Brexit Creates Jobs for Customs Staff in Eastern Europe, India

U.K. companies are turning to cheaper overseas labor to complete their post-Brexit customs paperwork, creating jobs in countries such as Romania and India due to a shortage of trained staff in Britain.

Anticipating a surge in demand for its services, Xpediator Plc, which handles freight flows for international companies, has been hiring workers in Romania. Dave Gladen, the firm’s group marketing manager, says the country has a deep pool of expertise in the EU’s customs rules because it only joined the bloc in 2007.

“It’s allowed us to get some great expertise, and obviously there’s a lower cost,” Gladen said in a telephone interview. “Salaries for customs clearance representatives in the U.K. have just escalated crazily.”

Britain’s logistics industry is having to find creative ways to be ready for a wave of bureaucracy that will hit on Jan 1., when commerce between the U.K. and its largest trading partner will be subject to new paperwork even if the two sides reach a free-trade agreement. Hundreds of millions of extra customs declarations will be required on goods crossing the border annually, at an estimated cost of 13 billion pounds ($17 billion).

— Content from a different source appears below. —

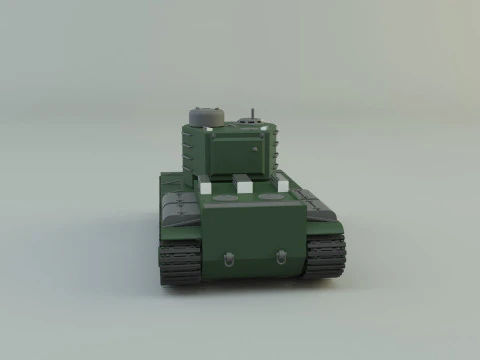 Kv5 military tank 3D Model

Metro Shipping Ltd., which moves goods for some of Britain’s largest retailers and automotive companies, has taken on 17 extra staff in Chennai, India in recent weeks specifically to handle Brexit-related work. The Birmingham, England-based firm expects it will have to handle an extra 120,000 customs declarations annually.

“There’s nowhere near enough skill-set here to cover it,” said Grant Liddell, business development director at Metro, which stopped taking on new clients for Brexit in August because it was at capacity. “We have really geared up,” he said, noting he could hire six or seven staff in India for the price of one employee in the U.K.

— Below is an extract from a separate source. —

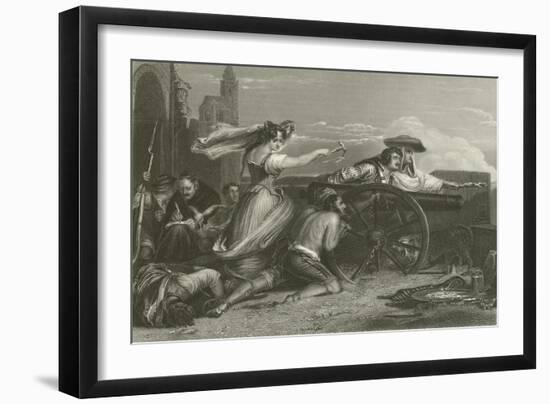 The Defence of Saragossa, Spain, 1808-Sir David Wilkie-Framed Giclee Print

For the government, a shortage of customs agents is one of the biggest threats that could disrupt trade with the EU after the end of the Brexit transition period. If companies don’t have the right paperwork, goods risk being held up at the border, potentially causing traffic chaos. Alternatively, businesses may decide not to trade with the EU at all if they cannot file the appropriate documents.

Officials are trying to mitigate the problem by offering grants to businesses to train customs staff, though success has been limited: of the 84 million pounds made available, less than a third had been paid out as of Oct. 16, according to the National Audit Office.

The Road Haulage Association, a lobby group, has estimated that the U.K. needs an extra 50,000 customs agents to cope with the added Brexit workload. The government has repeatedly declined to put a figure on how many have been trained.